I wonder why hierarchical softmax is better for infrequent words, while negative sampling is better for frequent words, in word2vec's CBOW and skip-gram models. I have read the claim on https://code.google.com/p/word2vec/.
I'm not an expert in word2vec, but upon reading Rong, X. (2014). word2vec Parameter Learning Explained and from my own NN experience, I'd simplify the reasoning to this:
- Hierarchical softmax provides for an improvement in training efficiency since the output vector is determined by a tree-like traversal of the network layers; a given training sample only has to evaluate/update $O(log(N))$ network units, not $O(N)$. This essentially expands the weights to support a large vocabulary - a given word is related to fewer neurons and visa-versa.
- Negative sampling is a way to sample the training data, similar to stochastic gradient descent, but the key is you look for negative training examples. Intuitively, it trains based on sampling places it might have expected a word, but didn't find one, which is faster than training an entire corpus every iteration and makes sense for common words.
The two methods don't seem to be exclusive, theoretically, but anyway that seems to be why they'd be better for frequent and infrequent words.
My understanding is this is because of the Huffman coding used when building the category hierarchy.
Hierarchical softmax uses a tree of sigmoid nodes instead of one big softmax, Huffman coding ensures that the distribution of data points belonging to each side of any sigmoid node is balanced.
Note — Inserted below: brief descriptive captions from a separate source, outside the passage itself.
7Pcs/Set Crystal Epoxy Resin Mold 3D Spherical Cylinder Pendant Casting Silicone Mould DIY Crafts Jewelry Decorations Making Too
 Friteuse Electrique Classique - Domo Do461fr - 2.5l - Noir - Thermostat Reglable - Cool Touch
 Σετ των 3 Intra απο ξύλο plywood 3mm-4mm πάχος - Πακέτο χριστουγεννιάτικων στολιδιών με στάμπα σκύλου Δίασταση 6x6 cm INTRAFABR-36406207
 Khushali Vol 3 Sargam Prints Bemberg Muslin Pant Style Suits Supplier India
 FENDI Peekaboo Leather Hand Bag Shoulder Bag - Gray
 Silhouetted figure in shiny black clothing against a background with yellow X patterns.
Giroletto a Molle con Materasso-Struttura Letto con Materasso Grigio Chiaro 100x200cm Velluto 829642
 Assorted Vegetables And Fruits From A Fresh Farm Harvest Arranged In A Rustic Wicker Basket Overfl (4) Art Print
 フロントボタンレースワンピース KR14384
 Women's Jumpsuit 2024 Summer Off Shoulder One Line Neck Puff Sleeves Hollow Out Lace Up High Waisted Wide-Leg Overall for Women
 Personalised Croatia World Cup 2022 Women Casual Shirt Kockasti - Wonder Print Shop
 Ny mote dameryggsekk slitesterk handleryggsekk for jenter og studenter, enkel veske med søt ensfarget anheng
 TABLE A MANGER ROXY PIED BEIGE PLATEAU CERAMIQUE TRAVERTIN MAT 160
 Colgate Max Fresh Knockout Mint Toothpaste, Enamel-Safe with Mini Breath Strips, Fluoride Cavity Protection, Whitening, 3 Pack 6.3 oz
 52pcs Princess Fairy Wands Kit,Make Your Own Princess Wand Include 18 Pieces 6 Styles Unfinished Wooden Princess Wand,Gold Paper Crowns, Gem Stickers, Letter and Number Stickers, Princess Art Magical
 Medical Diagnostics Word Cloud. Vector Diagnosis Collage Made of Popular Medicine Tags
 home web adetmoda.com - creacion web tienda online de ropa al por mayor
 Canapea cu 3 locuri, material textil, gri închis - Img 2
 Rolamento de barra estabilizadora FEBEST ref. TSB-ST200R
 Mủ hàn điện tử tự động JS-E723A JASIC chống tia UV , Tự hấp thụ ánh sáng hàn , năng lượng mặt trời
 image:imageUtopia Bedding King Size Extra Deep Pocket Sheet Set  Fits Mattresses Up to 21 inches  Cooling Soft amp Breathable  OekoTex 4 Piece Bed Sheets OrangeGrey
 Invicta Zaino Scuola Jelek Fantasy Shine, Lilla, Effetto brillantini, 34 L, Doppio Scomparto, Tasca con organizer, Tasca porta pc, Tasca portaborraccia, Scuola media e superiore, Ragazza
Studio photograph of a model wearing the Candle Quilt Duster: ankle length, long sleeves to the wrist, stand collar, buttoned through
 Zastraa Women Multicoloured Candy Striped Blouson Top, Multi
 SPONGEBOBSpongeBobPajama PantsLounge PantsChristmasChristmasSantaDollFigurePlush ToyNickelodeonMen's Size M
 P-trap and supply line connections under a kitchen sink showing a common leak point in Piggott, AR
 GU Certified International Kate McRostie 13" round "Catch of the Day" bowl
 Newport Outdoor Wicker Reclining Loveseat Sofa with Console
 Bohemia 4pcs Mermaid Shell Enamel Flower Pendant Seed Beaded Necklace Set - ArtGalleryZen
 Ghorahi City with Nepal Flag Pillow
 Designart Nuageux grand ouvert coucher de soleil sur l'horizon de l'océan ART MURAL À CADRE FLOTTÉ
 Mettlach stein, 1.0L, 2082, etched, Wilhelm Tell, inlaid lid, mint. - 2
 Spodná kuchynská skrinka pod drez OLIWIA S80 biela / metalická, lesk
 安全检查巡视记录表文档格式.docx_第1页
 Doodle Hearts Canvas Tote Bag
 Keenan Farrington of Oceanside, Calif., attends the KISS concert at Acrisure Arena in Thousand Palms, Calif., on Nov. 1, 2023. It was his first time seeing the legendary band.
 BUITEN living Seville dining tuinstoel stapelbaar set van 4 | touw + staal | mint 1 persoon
Therefore it helps eliminate the preference towards frequent categories comparing with using one big softmax and negative sampling.
Hierarchical softmax builds a tree over the whole vocabulary and the leaf nodes representing rare words will inevitably inherit their ancestors' vector representations in the tree, which can be affected by other frequent words in the corpus. This will benefit the incremental training for new corpus.
Negative sampling is developed based on noise contrastive estimation and randomly samples the words not in the context to distinguish the observed data from the artificially generated random noise.